This week, I took one of the first non-family-related vacations (to Spain) that I've taken in several years. Now, there's nothing wrong with family vacations. I happen to love them. However, there's something to be said for slowing down and disconnecting from your "real" life.
Let me amend that observation.
The fact is, there's no such thing as "unreal" life - it's all just life. Yet separating from the day-to-day routines can help us observe ourselves from the outside just a bit, help us situate ourselves in the world. We think about differences and similarities between ourselves and others, about how we were taught to see the world, about the way others see that same world.
The little traveler in Park Guell, Barcelona.

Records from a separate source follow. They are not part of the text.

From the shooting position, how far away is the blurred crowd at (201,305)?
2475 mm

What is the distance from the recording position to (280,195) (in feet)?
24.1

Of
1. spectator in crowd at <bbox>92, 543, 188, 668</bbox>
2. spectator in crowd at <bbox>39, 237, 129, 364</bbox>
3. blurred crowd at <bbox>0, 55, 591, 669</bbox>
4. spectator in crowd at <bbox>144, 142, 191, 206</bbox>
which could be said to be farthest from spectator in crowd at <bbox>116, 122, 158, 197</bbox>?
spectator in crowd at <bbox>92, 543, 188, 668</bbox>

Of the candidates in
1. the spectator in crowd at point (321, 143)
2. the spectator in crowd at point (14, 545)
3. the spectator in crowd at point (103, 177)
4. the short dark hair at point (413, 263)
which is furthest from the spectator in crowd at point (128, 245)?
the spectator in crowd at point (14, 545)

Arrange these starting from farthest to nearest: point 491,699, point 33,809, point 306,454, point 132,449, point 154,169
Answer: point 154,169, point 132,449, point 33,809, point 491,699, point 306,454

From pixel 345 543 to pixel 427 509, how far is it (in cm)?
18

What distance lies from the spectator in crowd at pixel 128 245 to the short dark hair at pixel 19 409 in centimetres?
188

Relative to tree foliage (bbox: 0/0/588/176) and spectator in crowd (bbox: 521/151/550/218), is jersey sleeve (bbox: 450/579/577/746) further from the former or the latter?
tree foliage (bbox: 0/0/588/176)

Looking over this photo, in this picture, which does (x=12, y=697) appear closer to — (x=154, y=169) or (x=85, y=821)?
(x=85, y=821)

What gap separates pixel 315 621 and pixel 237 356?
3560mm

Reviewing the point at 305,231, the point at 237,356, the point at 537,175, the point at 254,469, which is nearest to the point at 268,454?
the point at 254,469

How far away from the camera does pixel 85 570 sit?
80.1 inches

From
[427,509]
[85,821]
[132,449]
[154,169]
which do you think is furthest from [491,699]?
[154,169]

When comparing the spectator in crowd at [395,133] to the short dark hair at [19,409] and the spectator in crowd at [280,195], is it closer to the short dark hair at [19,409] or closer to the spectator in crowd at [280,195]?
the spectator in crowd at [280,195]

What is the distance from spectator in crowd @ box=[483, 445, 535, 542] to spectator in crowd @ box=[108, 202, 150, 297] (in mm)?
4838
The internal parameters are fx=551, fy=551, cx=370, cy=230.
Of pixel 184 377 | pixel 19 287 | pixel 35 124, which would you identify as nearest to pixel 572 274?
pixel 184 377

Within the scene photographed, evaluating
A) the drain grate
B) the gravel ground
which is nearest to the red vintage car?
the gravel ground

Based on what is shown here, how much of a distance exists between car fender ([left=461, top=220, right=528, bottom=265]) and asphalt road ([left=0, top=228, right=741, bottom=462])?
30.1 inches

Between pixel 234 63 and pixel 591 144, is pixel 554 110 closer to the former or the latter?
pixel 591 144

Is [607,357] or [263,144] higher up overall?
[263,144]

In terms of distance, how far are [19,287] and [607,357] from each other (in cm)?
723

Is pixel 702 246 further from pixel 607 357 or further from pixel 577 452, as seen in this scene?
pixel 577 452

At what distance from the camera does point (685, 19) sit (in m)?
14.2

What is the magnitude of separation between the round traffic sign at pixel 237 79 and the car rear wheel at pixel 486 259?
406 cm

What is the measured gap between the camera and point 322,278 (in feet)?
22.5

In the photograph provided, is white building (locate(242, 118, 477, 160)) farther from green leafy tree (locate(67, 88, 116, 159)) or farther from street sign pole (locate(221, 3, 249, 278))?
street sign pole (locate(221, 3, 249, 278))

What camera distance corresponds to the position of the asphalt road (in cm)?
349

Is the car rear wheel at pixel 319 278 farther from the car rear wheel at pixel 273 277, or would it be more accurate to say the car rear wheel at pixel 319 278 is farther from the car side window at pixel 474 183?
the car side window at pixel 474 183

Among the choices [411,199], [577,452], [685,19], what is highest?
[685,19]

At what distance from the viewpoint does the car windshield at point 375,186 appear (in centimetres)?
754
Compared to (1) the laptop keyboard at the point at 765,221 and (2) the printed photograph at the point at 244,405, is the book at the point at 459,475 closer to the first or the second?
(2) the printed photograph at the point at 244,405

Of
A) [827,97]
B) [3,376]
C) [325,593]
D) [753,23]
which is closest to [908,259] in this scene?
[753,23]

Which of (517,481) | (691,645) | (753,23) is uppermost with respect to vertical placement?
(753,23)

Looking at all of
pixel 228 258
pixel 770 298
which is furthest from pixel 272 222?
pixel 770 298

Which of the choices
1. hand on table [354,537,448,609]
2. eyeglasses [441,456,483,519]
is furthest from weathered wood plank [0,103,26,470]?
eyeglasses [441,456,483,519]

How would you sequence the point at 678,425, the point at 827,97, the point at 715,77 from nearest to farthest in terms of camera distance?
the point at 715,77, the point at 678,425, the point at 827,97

As we were ferried by taxi to the airport in the pre-dawn hours yesterday, the moon was a giant orange globe stamped just above the hills outside Barcelona. One of those incredible moons, where you can see the outlines of craters and lunar seas. Many hours later, I arrived in Texas just after dusk and wondered, for just a moment, whether the moon would look the same. But of course it wouldn't. Latitude and longitude, accidents of birth, words we hear since childhood -- all of these shape the way we think, the way our neurons connect.
It seems, however, that on a world as fragile as ours, it's a desperate need for each of us to try to understand the perspectives of others, wrought by the million little moments in their lives, the particular angle between their position on earth and the moon at any given moment.
Travel is just a little step in the direction of understanding. It's also illuminates how challenging that understanding can be. This week I'm going to share a few little musings from my travels. Feel free to throw a shoe at me for being pretentious. I'll just duck and take it.